Course details

The MSc degree in Business Information Systems is a one-year taught course in information systems professional practices. This course will provide you with a coherent portfolio of business, management and consultancy skills, and will enhance your knowledge of IS concepts and core technical skills. This is achieved through a series of modules oriented around three themes: Information Systems; Professional and Consulting Skills; and Innovation and Software Development. You will learn to focus on business deliverables and business interactions through an integrated project which runs across multiple modules of the course. In addition, you will work on a group project to develop an innovative software idea into a prototype and draw up a viable business plan.

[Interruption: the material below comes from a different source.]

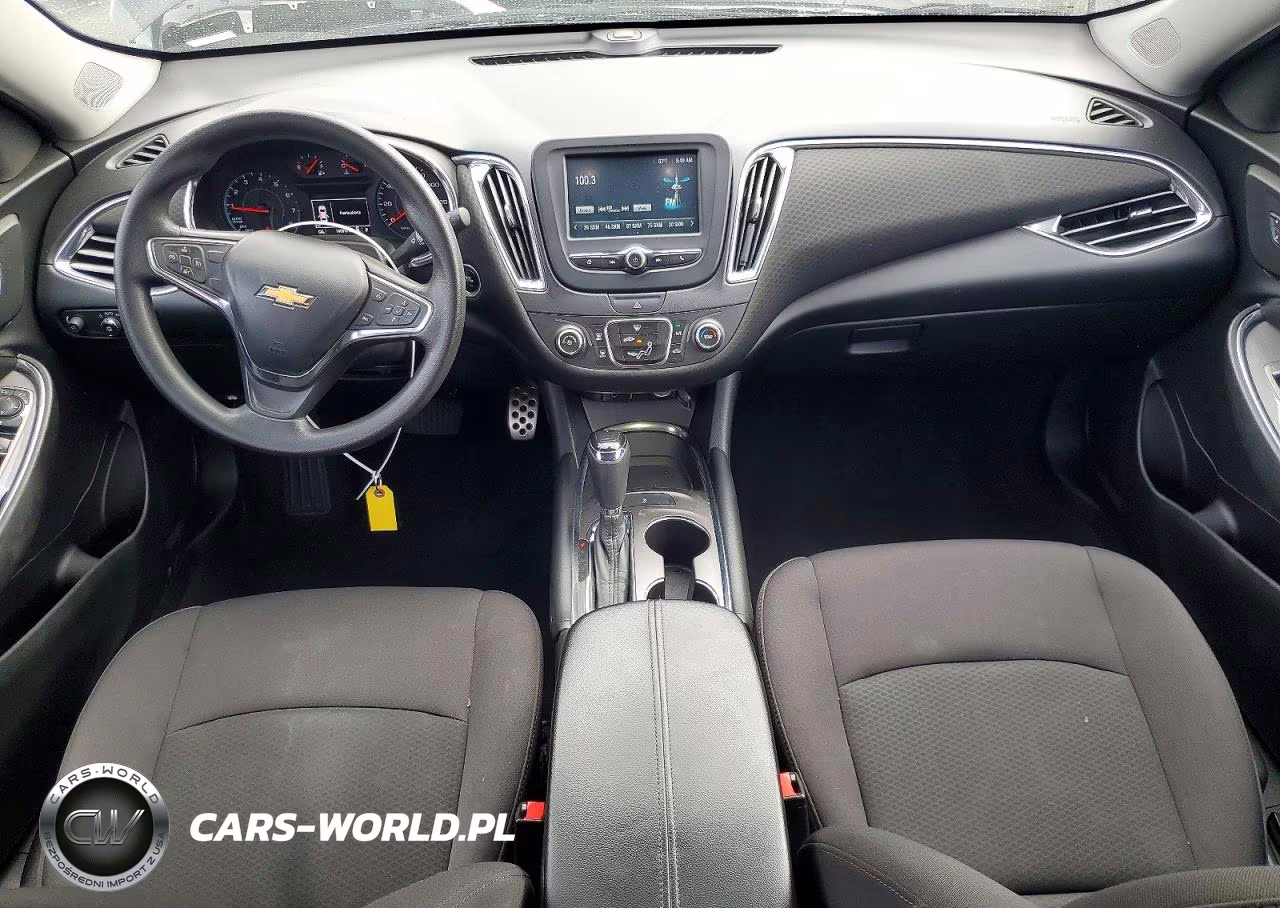 2017 Chevrolet Malibu Lt VIN:1G1ZE5STXHF191019 - 8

Mentoring input from specifically selected industry practitioners is provided. This course is funded by the HEA Advanced Technical Skills Programme.

Course Details

The key objectives of this course are:

  • professional practice orientation
  • to heighten understanding of the consultancy
  • to foster entrepreneurial uses of software technology
  • to develop analytical and communication skills
  • to consolidate existing technical skills

You will study eight taught modules and a group innovative software enterprise project (to a total of 90 credits):

  • IS6004 Information Systems Development Skills: consolidate existing technology skills and become proficient in object oriented programming (Java), Microsoft’s .NET framework and Web programming
  • IS6005 IS Consulting Process: develop a greater understanding of the business-generation and delivery side of the IS consultancy business. Learn to apply the appropriate tools and techniques needed to become a successful management consultant
  • IS6006 Enterprise Business Processes and Applications: explore the key enterprise-wide business processes in a modern organisation, their inter-relationships and the large-scale infrastructural applications that support them.
  • IS6007 Innovation and Software: foster a greater understanding of the critical role of innovation in creating and sustaining competitive advantage using software development.
  • IS6008 Professional Business Analyst Skills: develop and learn to apply professional ‘soft’ skills, including business communication, performance evaluation, effective presentation, time management, negotiation and selling.
  • IS6009 Information Systems Project Management: obtain the skills required to rigorously and successfully manage Information Systems development projects from project selection to project implementation and support. Project management software tools are used extensively in this module.
  • IS6010 Business and IS performance: acquire the quantitative skills necessary to prepare, evaluate and negotiate, based on industry standard estimating techniques.
Updated on 08 November, 2015

About University College Cork

UCC was established in 1845 as one of three Queen’s Colleges - at Cork, Galway and Belfast. These new colleges theyre established in the reign of Queen Victoria, and named after her.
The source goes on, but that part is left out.